We tortured the Qullamaggie strategy. Where does its edge actually come from?
In part 1 the raw systematic version barely made money — the right shape, but a regime roller-coaster. So we put it on the rack: four stress tests that locate the edge, the fragility, and the exact reasons it isn't tradeable as written.
Recap. Part 1 rebuilt Kristjan Kullamägi's published momentum rules mechanically on 1,500 US stocks. The result reproduced his trade signature — small losses, rare huge winners — but as a portfolio it was a coin flip with a −48% drawdown: CAGR 1.7%, Sharpe 0.19. This part asks why, and what would have to change.
Test 1 / The drawdown is a regime story
Split every day by a simple market filter — is the S&P 500 above or below its own 200-day moving average? The strategy spends 81% of its life in the "above" (healthy) regime and the rest in the "below" (unhealthy) one. Here is where the money is made and lost:
| Market regime | Share of days | Cumulative strategy return |
|---|---|---|
| Above 200-day MA (healthy) | 81% | +30% |
| Below 200-day MA (unhealthy) | 19% | −7% |
Nearly all the profit is earned in the healthy regime; the unhealthy 19% of days does little but manufacture the drawdown. The strategy buys breakouts indiscriminately, including into the teeth of a falling market. A market filter is the single biggest lever available — and it's exactly the discretionary "is this a market to be aggressive in?" judgement the original trader applies by hand. We'll add it mechanically in part 3.

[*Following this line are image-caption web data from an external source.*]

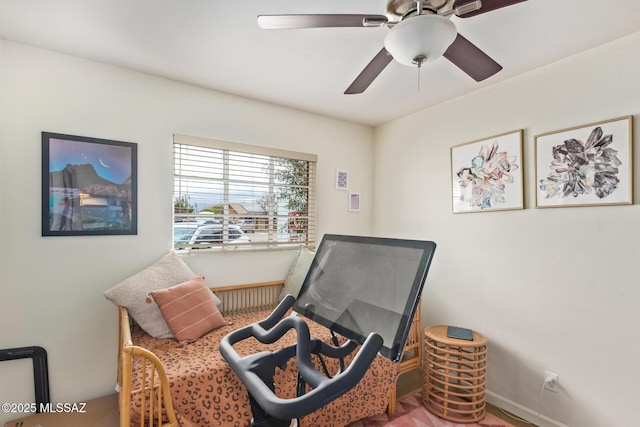 interior space featuring ceiling fan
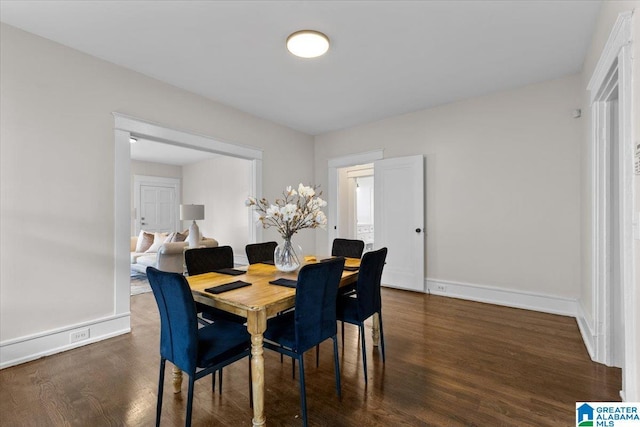 dining area featuring dark hardwood / wood-style floors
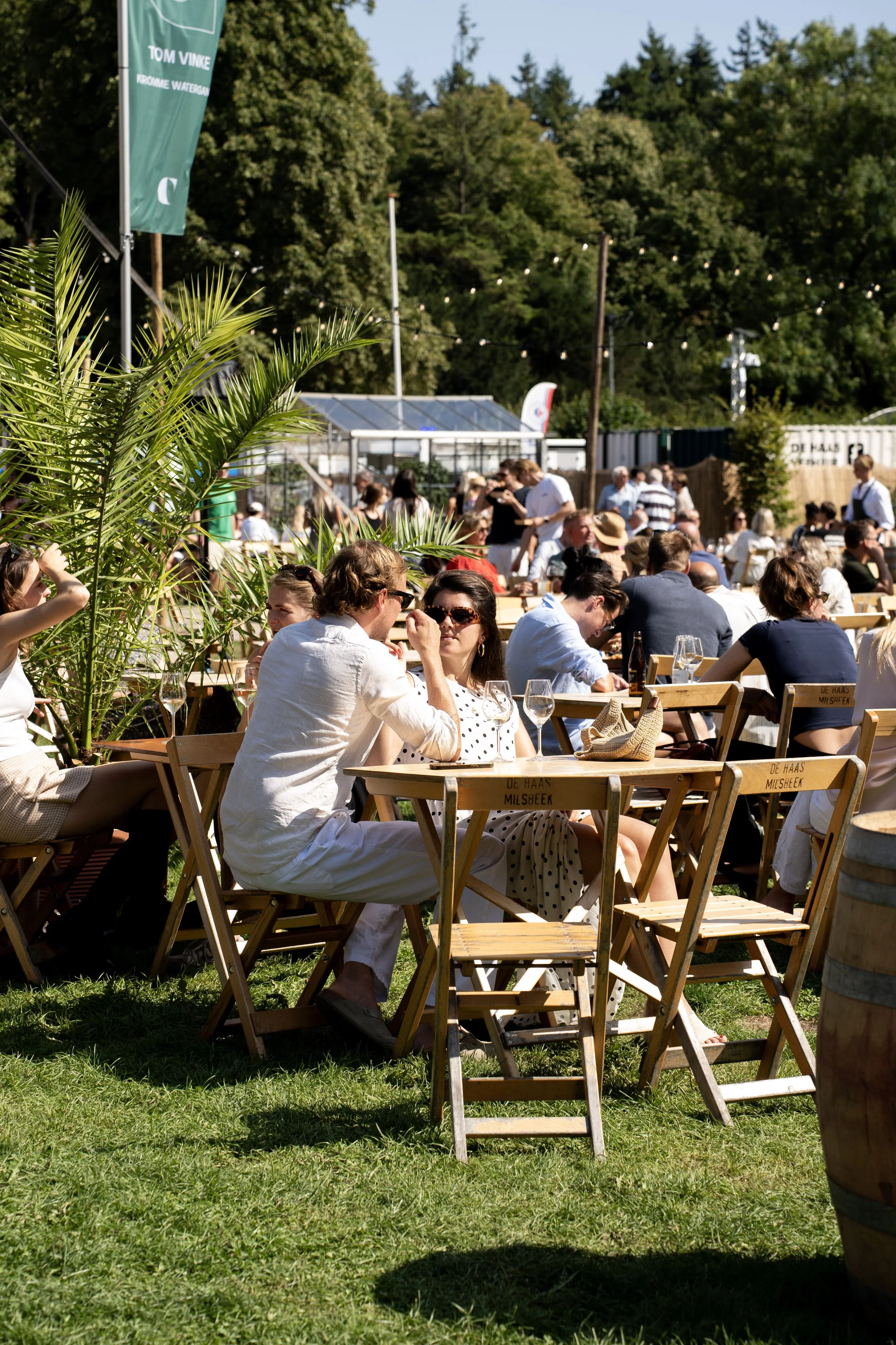 Een zomerse outdoor evenementenlocatie met mensen die aan tafels zitten, genietend van eten en drinken, met groene bomen en een blauwe lucht op de achtergrond.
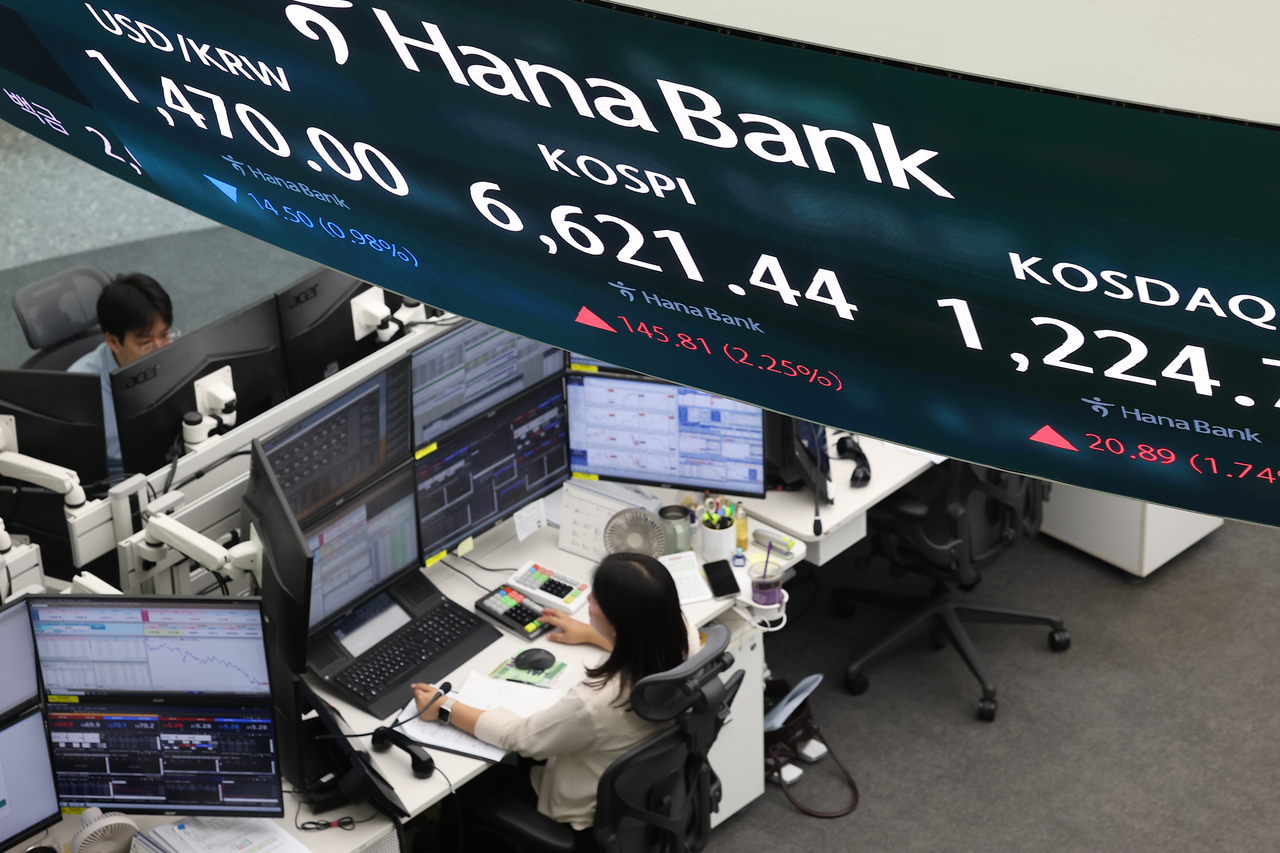 A display board hanging above the workstations at Hana Bank’s headquarters dealing room in Jung-gu, Seoul shows the won-dollar exchange rate and major stock indices. on April 27. (Yonhap)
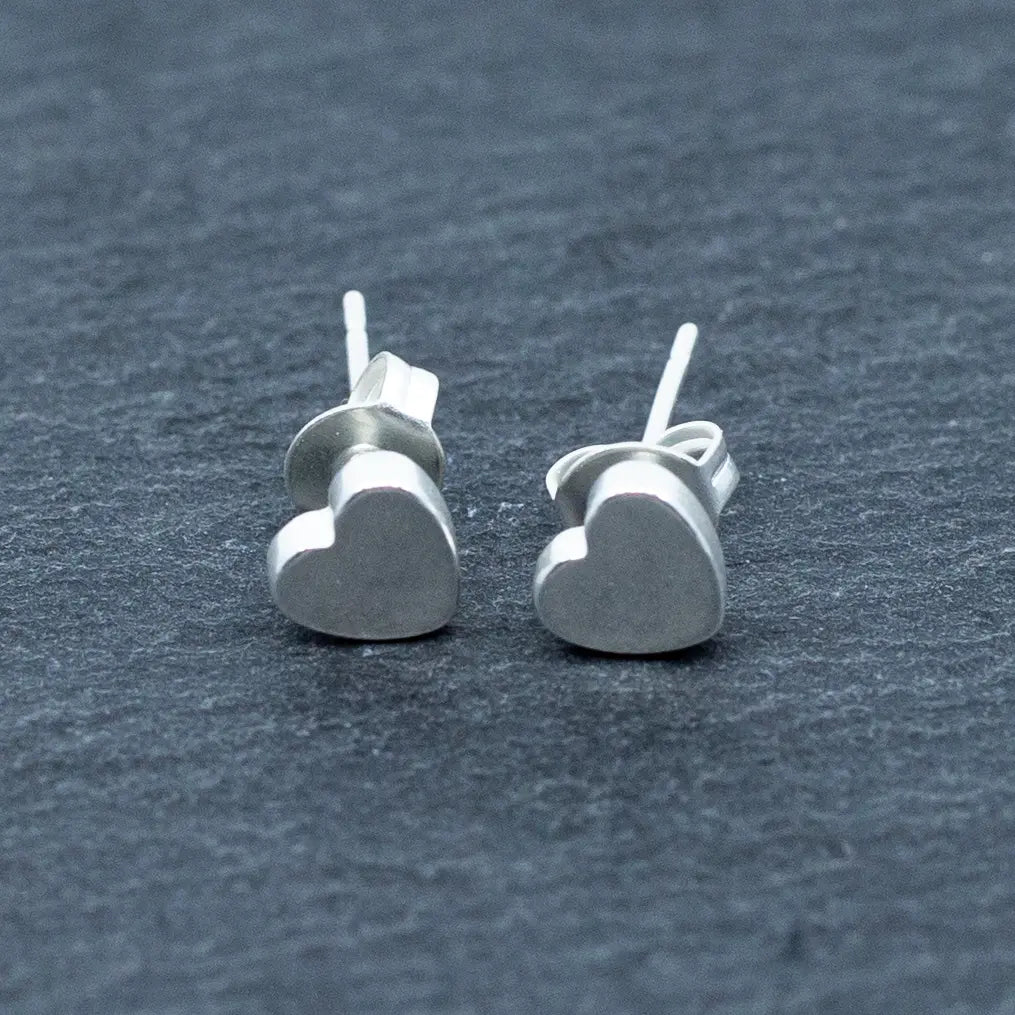 Small silver heart stud earrings with delicate plate design by Suzie Blue Canada, perfect for everyday wear.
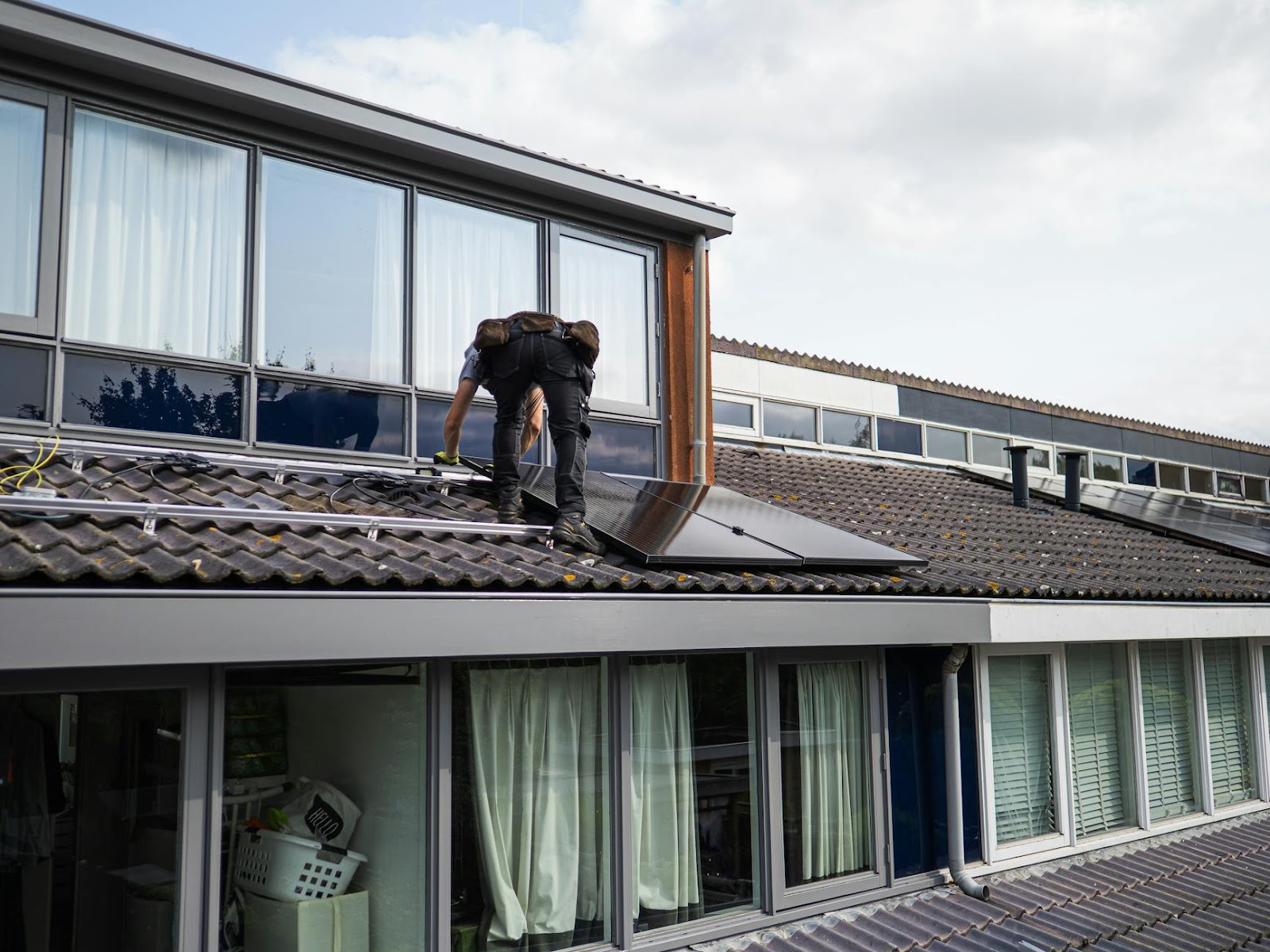 Technician working on installing solar panels on a residential rooftop during the day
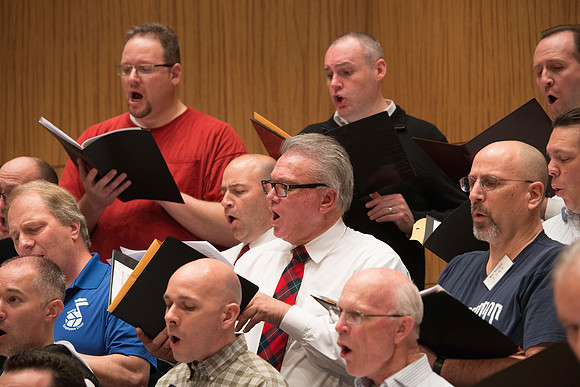 Ricks College Alumni from 1965 to 1995 gather for an A Cappella Choir reunion.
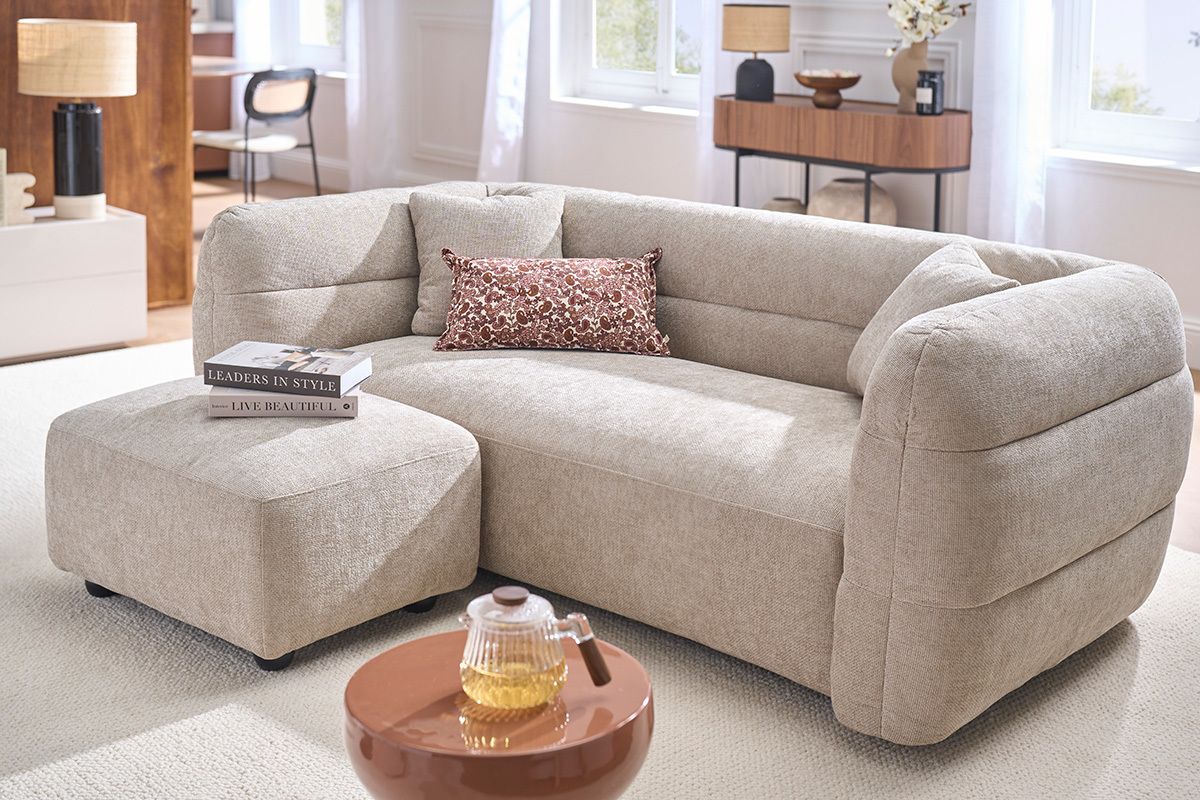 Pouf repose pieds en tissu beige, dans un salon moderne, pr�s d'un canap�.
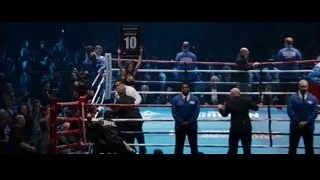 Female boxer in ring holding up sign — Southpaw
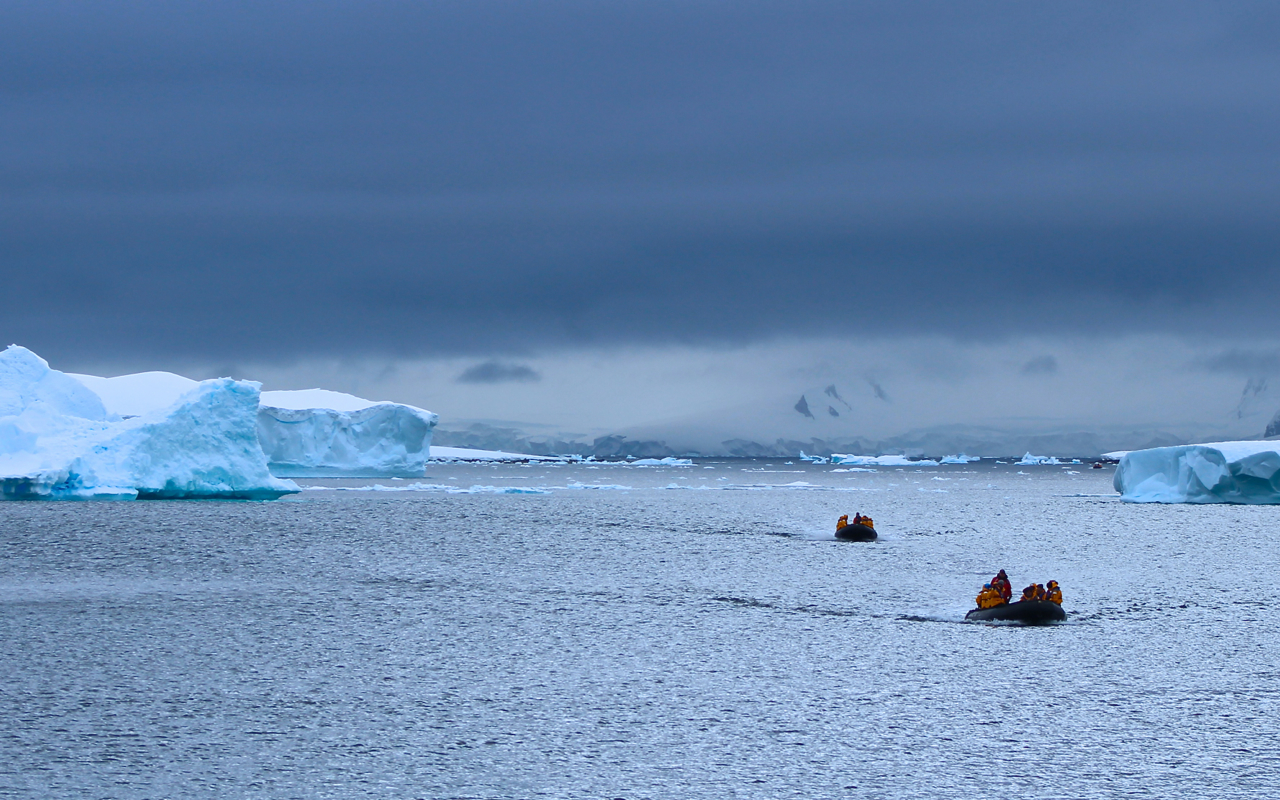 Two groups of ten passengers navigate massive icebergs by Zodiac on a recent Antarctic Explorer expedition. Photo: Miranda Miller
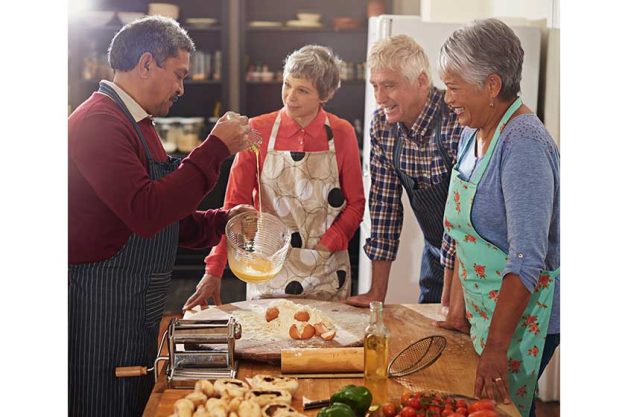 if theres a whisk theres a way shot of a group of seniors cooking in if theres a whisk theres a way shot of a group of seniors cooking in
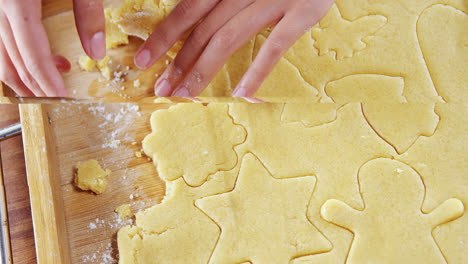 Woman-removing-gingerbread-dough-on-wooden-table-4k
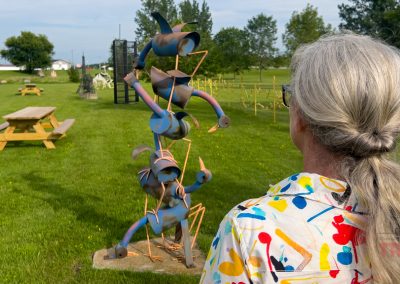 A person with gray hair in a ponytail, wearing a colorful, paint-splattered shirt, stands in front of a whimsical metal sculpture on a grassy field with picnic tables and other sculptures in the background.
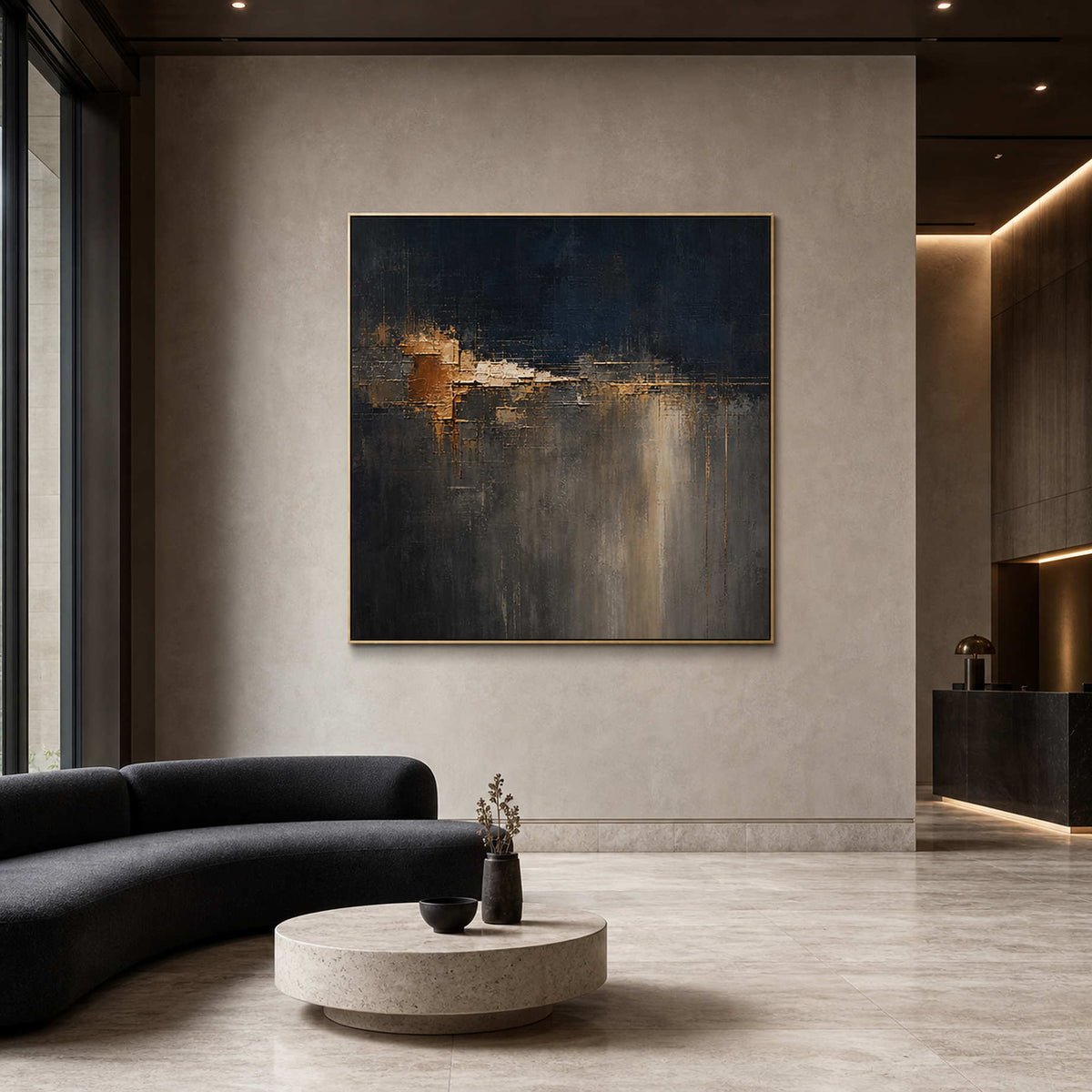 Square dark abstract painting displayed in a contemporary art hotel lobby.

Test 2 / The entire edge lives in about ten trades
Momentum is supposed to pay through a thin tail of enormous winners. It does — to a fault. Across 2,288 trades, the single best 22 (the top 1%) account for 18% of all gross profit. Pull out just the ten largest winners and the eleven-year result flips from a profit to a loss:
| Scenario | Net P&L (11 years, $100k start) |
|---|---|
| All 2,288 trades | +$20,933 |
| Minus the 10 best trades | −$49,200 |
| Minus the 20 best trades | −$88,982 |
This is the real edge and the real danger in one chart. The fat tail is genuine, but the system is hostage to it: miss a handful of the biggest moves — through hesitation, a tight stop, or taking profits too early — and you are underwater for a decade. This is precisely where a discretionary master and a naïve system diverge, and why "just trail the winners" is far harder to live than to backtest.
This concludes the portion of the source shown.